I’m not a pest control professional, a lawyer, an entomologist, or otherwise any sort of expert. The advice below is worth precisely what you paid for it, and although to the best of my knowledge nothing below is untrue, I provide the information below “as is” without warranty of any kind, express or implied.
Where did I get them? In many situations, there is absolutely no practical way by which you can conclusively determine where the bedbugs came from. Bedbug infestations seem to most often center around domestic and international travel, but you may have to live without knowing. My gas stove or radiator could explode and kill me and/or ruin my stuff; any number of things is possible. You prepare for the worst and deal with it when it arrives, but by sheer force of will, you don’t let it kill your spirit or drive you batty.
Why is this happening to me? They’re not doing this out of any sense of malice or desire to hurt you. They’re not that smart. What do we want from life? Well, we want shelter, and we want food in our stomachs, and many of us want to procreate. That’s all the bedbugs are trying to do. They want to eat food, and our carbon dioxide and warmth sends the same mental signals to them as the smell of a good turkey dinner does to us. Now, if they continue to live, their life drastically interferes with our own, since they’re parasites; we can’t give them the luxury of letting them live their lives like they want. But they’re not maliciously chuckling and actively trying to hurt you specifically — they’re just trying to do their thing. Realizing that helped me feel a little better — it helped stop me picturing them as this massive evil force ruining my life. I will also say this: when I dealt with my infestation, an odd quirk of fate helped me — at the time I was dealing with my own bedbug problem, Katrina was occurring, and it helped me realize that as scary as this was for me, there were many more godawful things I could have been forced to deal with. There are soldiers in Iraq, for example, who would love to have their only problem right now be a bedbug infestation.
I’m moving out of my infested apartment. I see you moved without bringing them along. How can I do that? I do not think there is a way you can be 100% sure that you move and leave all your bedbugs behind. Luck is involved.

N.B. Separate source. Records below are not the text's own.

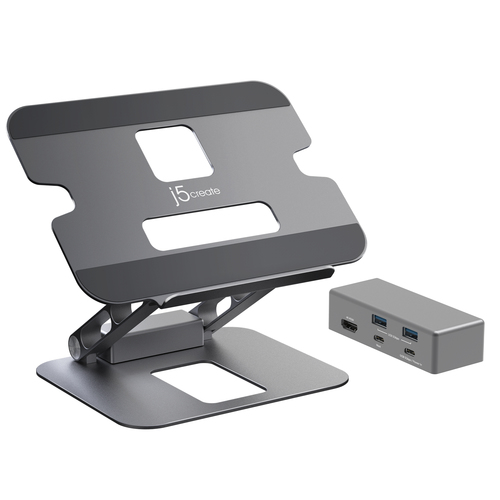 J5create Docking Station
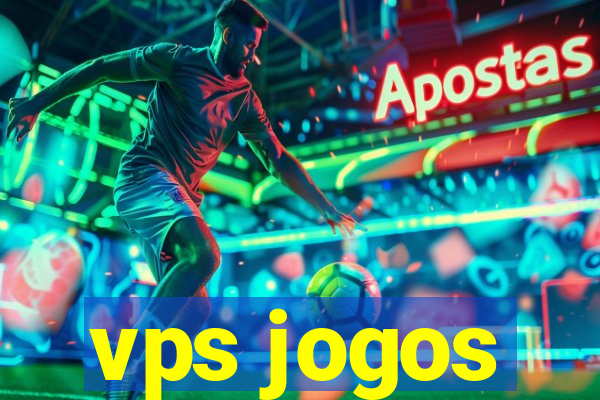 vps jogos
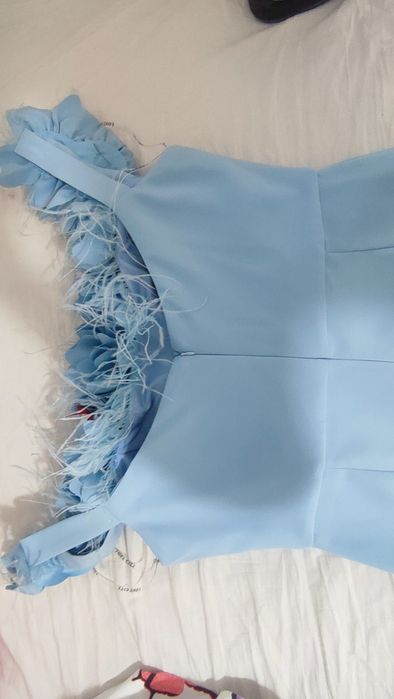 Rochie ocazie, nunta , botez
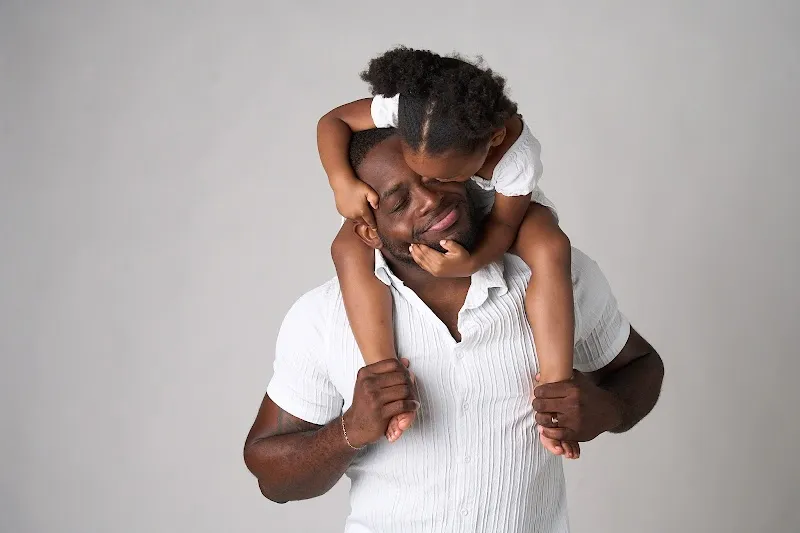 Professional Headshots & Family Portraits by Eric Campbell Photography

You can, however, minimize your chances as best you can. Essentially, what I did was to do everything I could to maximize the chances of me getting away bedbug-free. What I did was ask my exterminator how long the poison would be effective. I then resolved to move before the poison “expired,” which for me was about six to eight weeks after spraying. Spraying for bedbugs usually involves emptying bookshelves and videoshelves, so that each crack and crevice of furniture can be sprayed. After the spraying, I unpacked everything (despite my upcoming move) so that any bedbugs that might’ve been in any of the things I packed up (between books’ pages, etc.) would hunger, seek me out as food, cross the poison, and die. I then, shortly before my move, repacked, left, and crossed my fingers. I was able to keep my clothes in another, supposedly uninfested apartment next door after they were cleaned, although I had to move them back before I moved. That is pretty much all I did. It is also going to be a function both of the size of your infestation and of luck. If you have a lighter infestation, it’s fair (I think, in my layman’s opinion) to say that your chances of moving without bringing them with you are better than if the infestation is, say, heavy. It also really is a matter of luck. From what I understand, there are people who have left behind everything they’ve owned — literally everything, even dressing in rather skimpy clothes — and still somehow manage to either (a) bring the bugs with them, or (b) have stumbled into a new infestation. That’s not something that happens each and every time, of course; in fact, my impression is that that sort of bad luck is a rare event. But I mention it only to convey that there is a certain degree to which you cannot control this.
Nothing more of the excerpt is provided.